Apache Spark
Spark is a distributed computing framework designed for big data processing and analytics. The Qdrant-Spark connector enables Qdrant to be a storage destination in Spark.
Installation
You can set up the Qdrant-Spark Connector in a few different ways, depending on your preferences and requirements.
GitHub Releases
The simplest way to get started is by downloading pre-packaged JAR file releases from the GitHub releases page. These JAR files come with all the necessary dependencies.
Building from Source
If you prefer to build the JAR from source, you’ll need JDK 8 and Maven installed on your system. Once you have the prerequisites in place, navigate to the project’s root directory and run the following command:
mvn package
This command will compile the source code and generate a fat JAR, which will be stored in the target
directory by default.
Maven Central
For use with Java and Scala projects, the package can be found here.
Usage
Below, we’ll walk through the steps of creating a Spark session with Qdrant support and loading data into Qdrant.

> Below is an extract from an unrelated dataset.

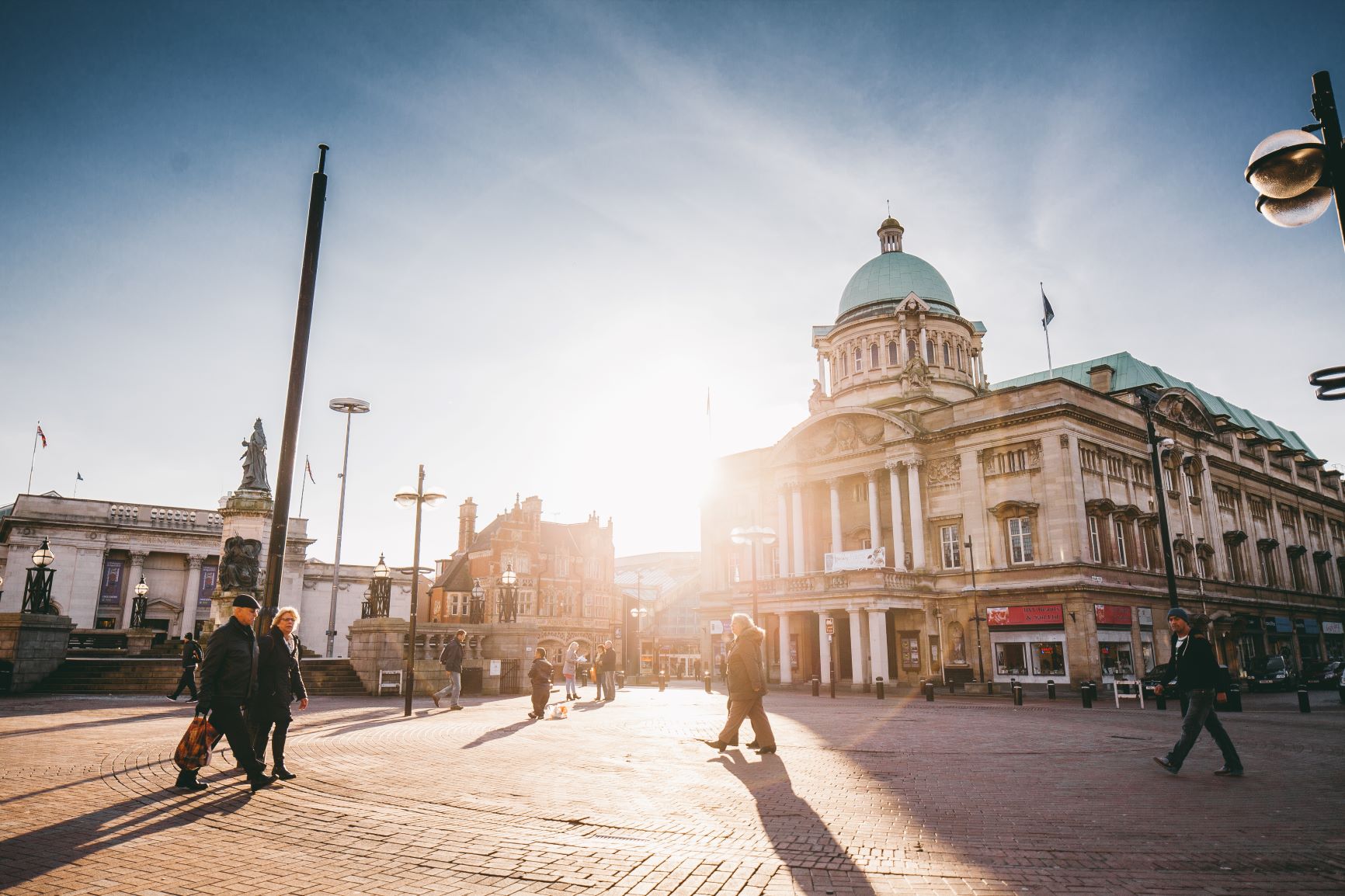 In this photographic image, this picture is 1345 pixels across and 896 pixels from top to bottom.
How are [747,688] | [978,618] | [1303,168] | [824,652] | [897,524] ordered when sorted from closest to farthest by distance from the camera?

Creating a single-node Spark session with Qdrant Support
To begin, import the necessary libraries and create a Spark session with Qdrant support:
from pyspark.sql import SparkSession
spark = SparkSession.builder.config(
"spark.jars",
"spark-VERSION.jar", # Specify the downloaded JAR file
)
.master("local[*]")
.appName("qdrant")
.getOrCreate()
import org.apache.spark.sql.SparkSession
val spark = SparkSession.builder
.config("spark.jars", "spark-VERSION.jar") // Specify the downloaded JAR file
.master("local[*]")
.appName("qdrant")
.getOrCreate()
import org.apache.spark.sql.SparkSession;
public class QdrantSparkJavaExample {
public static void main(String[] args) {
SparkSession spark = SparkSession.builder()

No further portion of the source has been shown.